Ce texte me choque profondément, pour plusieurs raisons que j’expose. Après la conclusion, j’aborde l’argumentaire de l’article qui doit de mon point de vue être critiqué, sans aucune malveillance s’entend, dans le but de favoriser l’accession à des débats de meilleure qualité.

La langue définit la pensée

Plus le langage est pauvre, moins la pensée existe

Selon M. Clavé, sans langue pour l’exprimer, la pensée s’appauvrit. Si on remonte ce raisonnement à ses prémisses implicites, alors il semble que la langue ait précédé la pensée: un groupe de singes (ou d’homo-quelque chose) a subitement acquis un langage, et à partir de là a vu « apparaître sa pensée ». Au vu des connaissances actuelles, il serait inepte de défendre une telle position!

La causalité est importante

Ce serait inverser la causalité des évènements: la langue découlerait de la pensée, et non l’inverse. La pensée est première et la langue a été façonnée ensuite pour exprimer cette pensée. Il est certain que dans une certaine mesure, les deux s’influencent mutuellement. Mais il n’en reste pas moins que le besoin de l’homme est d’exprimer sa pensée, et donc il va se donner les outils pour s’exprimer en conséquence.

La partie n’est pas la même chose que le tout !

Par contre, ce qui est certain, c’est qu’une personne qui n’a pas été éduquée à exprimer sa pensée réduira son champ lexical, et en réduisant ce champ sera de moins en moins capable d’exprimer une pensée complexe. Mais il serait définitivement absurde de généraliser le fonctionnement individuel à celui d’une population entière, bien plus diverse, complexe et riche que chacun de ses membres pris séparément !

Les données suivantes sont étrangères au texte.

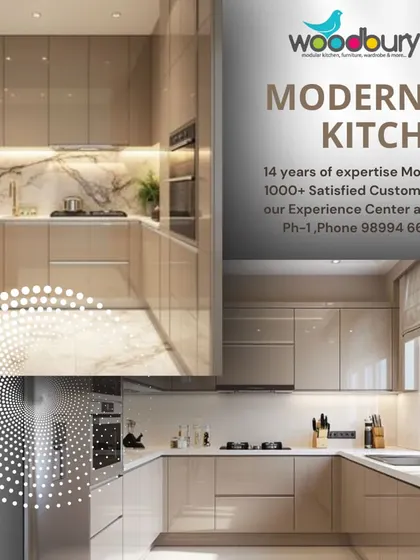 A modern kitchen concept in a glossy beige finish, paired with a beautiful marble-patterned backsplash. The handle-less design keeps the look clean and uncluttered.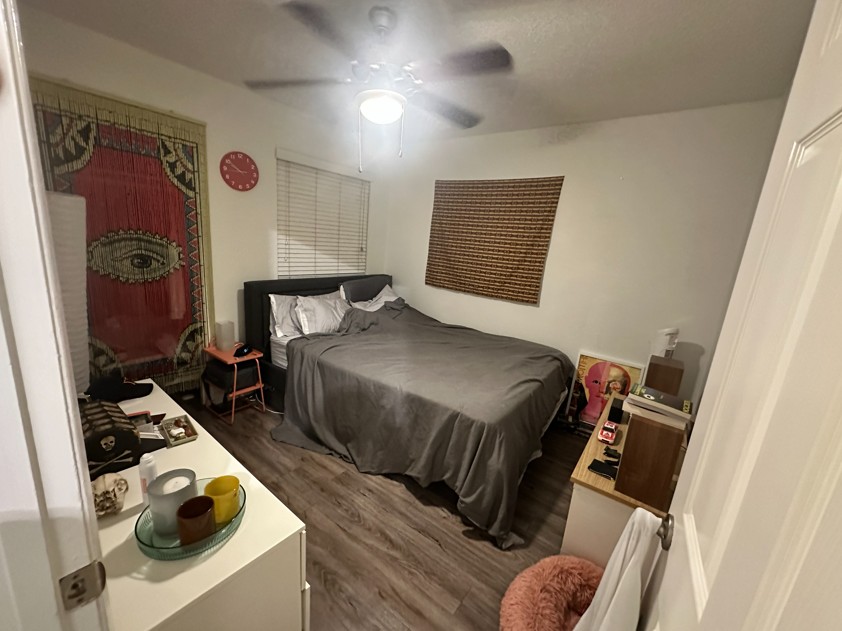 2005 Glen Allen Street, Unit 110 Austin, TX 78704 - Photo 10 of 13 a bedroom with a bed and a window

Aucune langue ne s’appauvrira jamais au point de faire disparaître toute pensée complexe de ses locuteurs. On a suffisamment d’exemples de néologismes qui passent dans le dictionnaire, de tournures de phrases qui sont créées pour pouvoir coller aux besoins d’expression, pour comprendre qu’une population se donne toujours les moyens de pouvoir s’exprimer, quelle que soit la période et le contexte.

Quid des autres pays et civilisations?

On aborde ici la raison principale pour laquelle ce texte est parfaitement scandaleux: dans sa formulation, il peut être laissé à comprendre qu’une langue sans subjonctif, sans tutoiement, sans « Mademoiselle », etc., ne permet pas d’exprimer une pensée complexe.

Outre le fait que cette conception est parfaitement franco-centrée, elle est également tout-fait insultante pour les pays dont la langue n’a pas de tutoiement, de « mademoiselle », de subjonctif, etc., et qui se verraient taxés de facto de peuples primaires, sans pensée complexe, et plus prosaïquement « bas de plafond »…

Les concepts véhiculés en français sont exprimés par d’autres moyens dans les autres langues. Le subjonctif grammatical n’est pas la voie royale pour exprimer un souhait.

On est toujours l’illettré de quelqu’un

Je ne crois pas qu’il y ait de classement des langues en terme de qualité de pensée exprimable. Les langues sont adaptées aux civilisations qui les parlent. Elles reflètent les schémas et structures de pensée des locuteurs qui les ont construites, ainsi que les évolutions à travers les âges de ces schémas et structures. L’étude des langues est à ce titre extrêmement riche, qu’elle en dit très long sur « l’état d’esprit » des peuples qui les ont façonnées au cours des siècles.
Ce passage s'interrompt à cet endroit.